▸ **Try it**
Line by line, repeat the material below exactly and skip the images.

▸ **Input data**
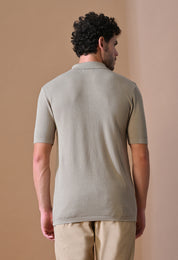 Knitted Textured Zipper Polo for Men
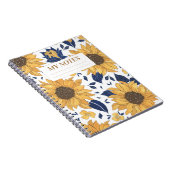 黄色ひまわりパタモダンーン背景デザイン ノートブック (右側)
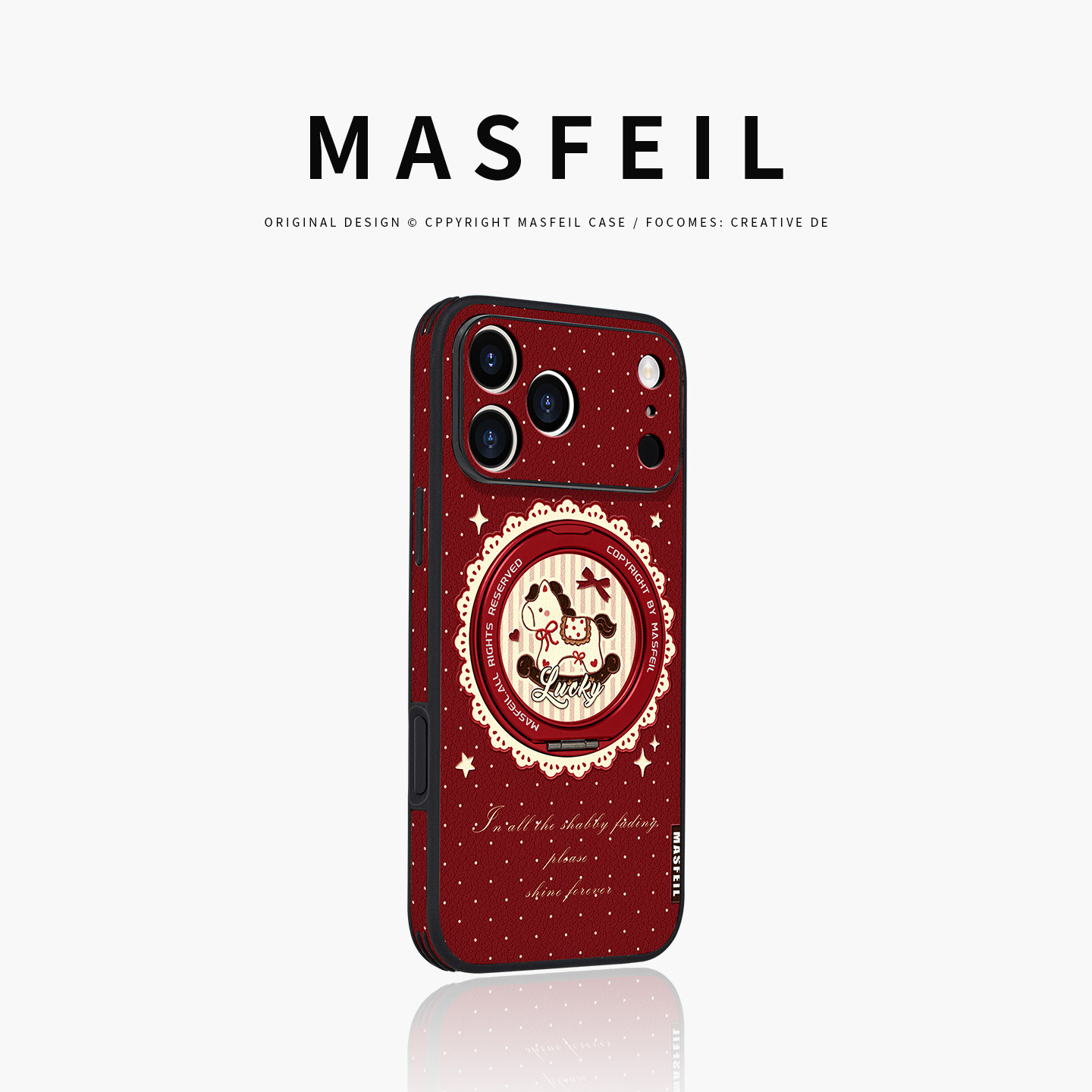 MASFEIL× 波点木马适用iPhone17Promax手机壳新款ip15磁吸带支架苹果16Pro套Ho5支点新年红色高级13pm全包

▸ **Result for this exercise**
 Knitted Textured Zipper Polo for Men
 黄色ひまわりパタモダンーン背景デザイン ノートブック (右側)
 MASFEIL× 波点木马适用iPhone17Promax手机壳新款ip15磁吸带支架苹果16Pro套Ho5支点新年红色高级13pm全包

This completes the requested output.